Merlin shook his head. “Not many of us are capable of going up to the fifth level. Only a very few can reach the first level, and even so we are powerless there.”
“I won’t be able to get past them,” I said. “And I can’t go straight forward to the seventh level either.”
We smiled at each other.
“You will be helped,” Merlin said. “Only, do everything right, I beg of you.”
I nodded.
I didn’t know if it would work. All I could do was try.
The next moment the air around me started to vibrate as if something seething with a huge excess of Power had broken through the Twilight. What levels, what distances? What did these mean in the face of this Power resonating in awareness of its own self?
Little Nadya stepped down onto the grass. She waved her arms about but couldn’t keep her balance and plopped down onto her bottom, looking up at me.
“Get up,” I said strictly. “It’s damp!”
Nadya jumped to her feet, dusted off her velvet jumpsuit, and jabbered, “Mommy taught me how to walk into the shadow! That’s one! And there was a monkey and a snake fighting, and they both beat each other. That’s two! Two men and a woman were watching the snake and saying very bad words. That’s three! And Mommy told me to bring you straight back home for supper! That’s four!”
She gulped when she saw the huge crowd around her, then lowered her eyes in embarrassment and said in a polite little girl’s voice, “Hello…”
“Hello,” said Merlin, squatting down in front of her. “Are you Nadezhda?”
“Yes,” Nadya said proudly.
“I’m glad I’ve seen you,” said Merlin. “Take your daddy home. Only not straight home. First go back to the sleeping people. And then home.”
“Backward means forward?” Nadya asked.
“That’s right.”
“You look like a wizard from a cartoon,” Nadya said suspiciously. Just to be on the safe side, she took hold of my hand, and that clearly made her feel more confident.
“I used to be a wizard,” Merlin confessed.
“A good one or a bad one?”
“All kinds,” he said with a sad smile. “Go now, Nadezhda.”

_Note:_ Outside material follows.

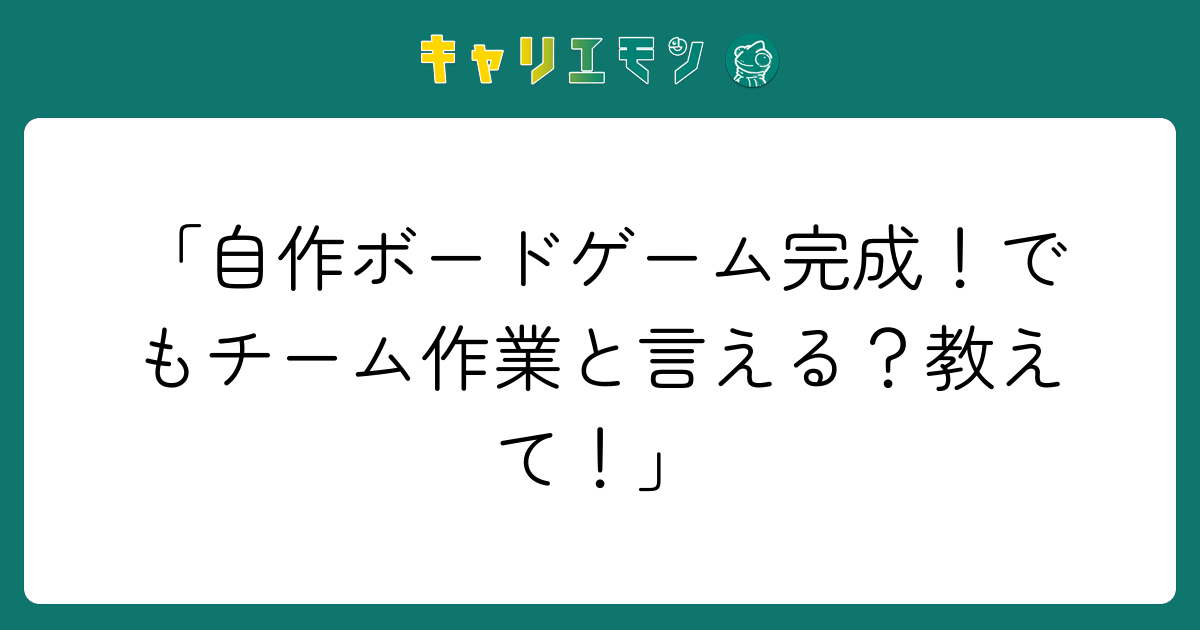 「自作ボードゲーム完成！でもチーム作業と言える？教えて！」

Nadya cast a wary look at Merlin and asked me, “Shall we go, Daddy?”
“Yes, let’s go,” I said.
I turned around and nodded to Merlin, who was watching us silently, in sad anticipation. The first to raise her hand and wave good-bye was Tiger Cub. Then Alisa. And then they were all waving to us…waving good-bye forever.
And when my daughter, the newly initiated Absolute Enchantress, took a step forward, I stepped after her, holding her hand in order not to lose my way in the swirling vortex of Power that had completed its circle and was returning us to our world.
Because the Twilight, of course, has no end, just as no ring or circle has an end.
Because the warmth of human love and the cold of human hate, the running of beasts and the singing of birds, the fluttering of a butterfly’s wings and the sprouting of a grain through the earth do not pass away, leaving no trace. Because the universal stream of living Power out of which parasites like the blue moss and the Others greedily snatch their crumbs does not disappear without a trace-it returns to the world that is awaiting rebirth.
Because we all live on the seventh level of the Twilight.
“HOW! LOVELY! IT IS! HERE!” NADYA EXCLAIMED.
I picked her up in my arms. We were standing on a cobbled street in Edinburgh, surrounded by hundreds of thousands of sleeping people. The sirens were drawing closer and closer as the time of the Others was coming to an end.
“Yes,” I agreed. “Everything here is real.”
“Only, everyone’s sleeping,” Nadya observed sadly. “Like in the fairy story about the sleeping princess. Can I wake them up?”
She could… She could do anything at all now-if she was taught.
“But aren’t you tired?” I asked. My legs were buckling under me and I was feeling a bit dizzy.